Presby's testimony got to the heart of the prosecution's case against Strong, who is charged with conspiring with Alexis Wright to promote a sex-for-money business, and to the core of his defense.

When the trial started two weeks ago in York County Superior Court, Strong's attorney Daniel Lilley said in his opening statement that Strong had an extramarital affair with Wright but neither paid for sex nor profited from his relationship with her.

Under Maine law, however, the prosecution does not necessarily have to prove profit.

Presby was on the witness stand all day Friday and provided potentially important testimony in the high-profile case.

She testified that she linked Strong to the prostitution case after seeing him in a sex video with Wright, then matching his voice to recorded conversations with her.

And Presby revealed new information about Wright: The Zumba instructor was also a licensed investigator's assistant. Strong, an insurance businessman, was a licensed private investigator.

Presby testified Friday that, from a sex video recorded on Jan. 17, 2012, she matched Strong's voice to a man who was heard but not seen on dozens of other videos showing Wright exchanging sex for money with other men.
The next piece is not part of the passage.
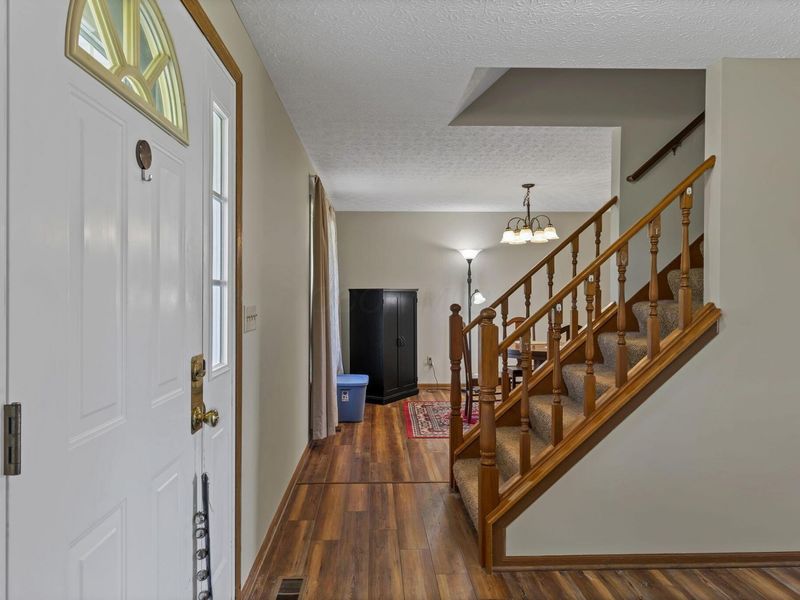 5951 South Fork Road, Heath, OH 43056 Photo 2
Strong allegedly watched the encounters live through a computer webcam and spoke with Wright through the computer when the men were out of the room.

They discussed things such as checking men's license plates and which clients she had lined up for the day.

"Each and every time I watched a video, I would hear a male voice," Presby said.

Friday was Presby's second day on the witness stand, after a brief appearance Thursday afternoon. She is expected to return to the stand Monday, along with several other Kennebunk police officers and possibly some of the men who have been convicted of engaging Wright for prostitution.

The most dramatic moment Friday came as Lilley questioned Presby about her use of the word "pimp" in one of her police reports and asked her to define the word.

"I felt that the word 'pimp,' at the time, was someone who was assisting, controlling her in the business of prostitution," Presby said.

"Your opinion is that a pimp in a prostitution deal would make money on the transaction?" Lilley asked.

"That is correct," Presby responded.

"So a pimp is someone who makes money, in your opinion?" Lilley asked.

"Objection," Deputy District Attorney Justina McGettigan called out with Lilley in mid-sentence.

"Objection!" she called out again as Lilley kept talking.

And again, raising her voice: "Objection!"

The judge in the trial, Justice Nancy Mills, made no ruling on the objections and called the attorneys to speak in whispers at the end of her bench, on the other end of the courtroom from the jury.

Presby testified Thursday that she was assigned to the investigation in September 2011, after the department had received complaints of suspicious activity at Wright's Pura Vida Zumba studio at 8 York St.

"I did not discover any suspicious activity," she said of her initial searches in 2011.

But she followed up on the Internet and found a blog that caught her attention, she said.